FDA Updates Guidance to Address Food Manufacturers Circumventing Allergen Cross-Contact Requirements for Sesame
Since sesame became the ninth major food allergen under the Food Allergy Safety, Treatment, Education, and Research (FASTER) Act, food manufacturers have attempted to circumvent the requirements for preventing allergen cross-contamination by intentionally adding sesame to their products and declaring its presence on their labels. To address this trend, the U.S. Food and Drug Administration (FDA) has updated its Guidance for Industry: Hazard Analysis and Risk-Based Preventive Controls for Human Food to include a new chapter on food allergens that helps food facilities avoid allergen cross-contact and ensure proper labeling.

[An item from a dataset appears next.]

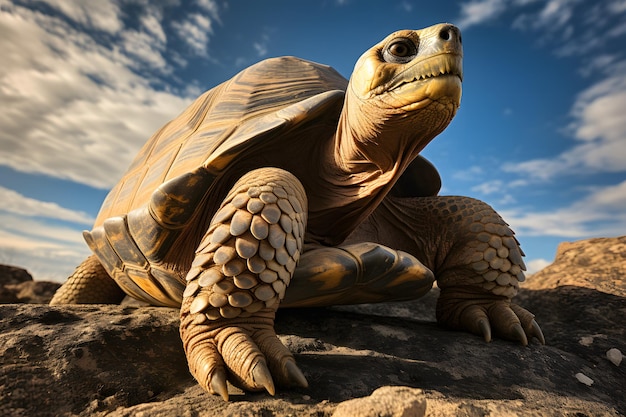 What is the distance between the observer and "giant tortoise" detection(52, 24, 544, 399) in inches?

The FASTER Act, which became effective on January 1, 2023, requires sesame, when present in food, to be disclosed on food labels. Businesses are expected to implement controls to significantly minimize or prevent sesame allergen cross-contact. Although the FASTER Act was intended to make food safer for those who experience an allergic reaction to sesame, some manufacturers are intentionally adding sesame to products that previously did not contain sesame and are labeling the products to indicate its presence, rather than take appropriate measures to minimize or prevent cross-contact. Although this behavior keeps manufacturers in compliance with the law for disclosing the presence of a major food allergen, FDA has denounced the practice as it limits options for consumers who are allergic to sesame.
FDA is encouraging industry to follow the newly updated draft guidance on ways to significantly minimize or prevent allergen cross-contact and undeclared allergens rather than intentionally adding sesame to their products to comply with the law.

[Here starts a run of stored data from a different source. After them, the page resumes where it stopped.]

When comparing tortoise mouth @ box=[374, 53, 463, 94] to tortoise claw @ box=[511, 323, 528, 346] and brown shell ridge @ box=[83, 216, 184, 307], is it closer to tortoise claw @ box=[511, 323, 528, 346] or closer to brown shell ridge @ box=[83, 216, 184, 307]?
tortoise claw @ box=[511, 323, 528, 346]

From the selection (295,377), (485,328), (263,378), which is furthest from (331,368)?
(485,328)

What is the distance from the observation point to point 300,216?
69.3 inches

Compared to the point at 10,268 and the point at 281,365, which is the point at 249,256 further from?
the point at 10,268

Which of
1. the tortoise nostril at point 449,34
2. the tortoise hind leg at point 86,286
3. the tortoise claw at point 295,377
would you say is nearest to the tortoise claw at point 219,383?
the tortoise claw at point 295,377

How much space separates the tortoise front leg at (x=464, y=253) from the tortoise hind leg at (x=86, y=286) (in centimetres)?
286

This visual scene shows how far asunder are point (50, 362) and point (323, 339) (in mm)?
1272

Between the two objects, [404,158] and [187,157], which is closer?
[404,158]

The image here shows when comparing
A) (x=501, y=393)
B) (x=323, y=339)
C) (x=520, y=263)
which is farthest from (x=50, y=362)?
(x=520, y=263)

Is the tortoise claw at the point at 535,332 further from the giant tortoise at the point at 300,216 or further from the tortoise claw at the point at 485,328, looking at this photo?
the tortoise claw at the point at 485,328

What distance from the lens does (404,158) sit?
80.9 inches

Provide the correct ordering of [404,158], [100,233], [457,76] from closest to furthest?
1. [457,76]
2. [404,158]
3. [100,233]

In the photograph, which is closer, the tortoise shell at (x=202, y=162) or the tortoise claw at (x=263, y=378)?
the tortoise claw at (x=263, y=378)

The updated draft guidance includes a new chapter, titled, “Chapter 11—Food Allergen Program,” which explains how to establish and implement a food allergen program that ensures food is protected from major food allergen cross-contact and that the finished product is properly labeled with respect to the major food allergens. The chapter provides many examples of ways to significantly minimize or prevent allergen cross-contact and undeclared allergens using current good manufacturing practices (CGMPs) and preventive controls. As labeling errors are the cause of most FDA food allergen recalls, Chapter 11 also includes guidance on how to monitor or verify that food allergens are properly declared and the correct label is used for products.
Chapter 11 also discusses circumstances in which, despite adherence to appropriate CGMPs and preventive controls, allergen presence due to cross-contact cannot be completely avoided. The available options to a firm in these cases are discussed, such as the voluntary use of allergen advisory statements. The chapter complements FDA’s recently released Draft Compliance Policy Guide on Major Food Allergen Labeling and Cross-Contact, which reflects the agency’s risk-based and science-based approach for the evaluation of potential allergen violations.
Unrelated to allergens, the recently updated draft guidance also includes a second new chapter, titled, “Chapter 16—Acidified Foods,” which explains how the manufacturers of certain acidified foods can use their existing procedures, practices, and processes to comply with acidified foods regulations that satisfy requirements under the preventive controls for human foods rule. Chapter 16 applies to manufacturers, processors or packers of acidified foods—such as some processed sauces, beans, cucumbers or cabbage—that have an overall pH of 4.6 or below.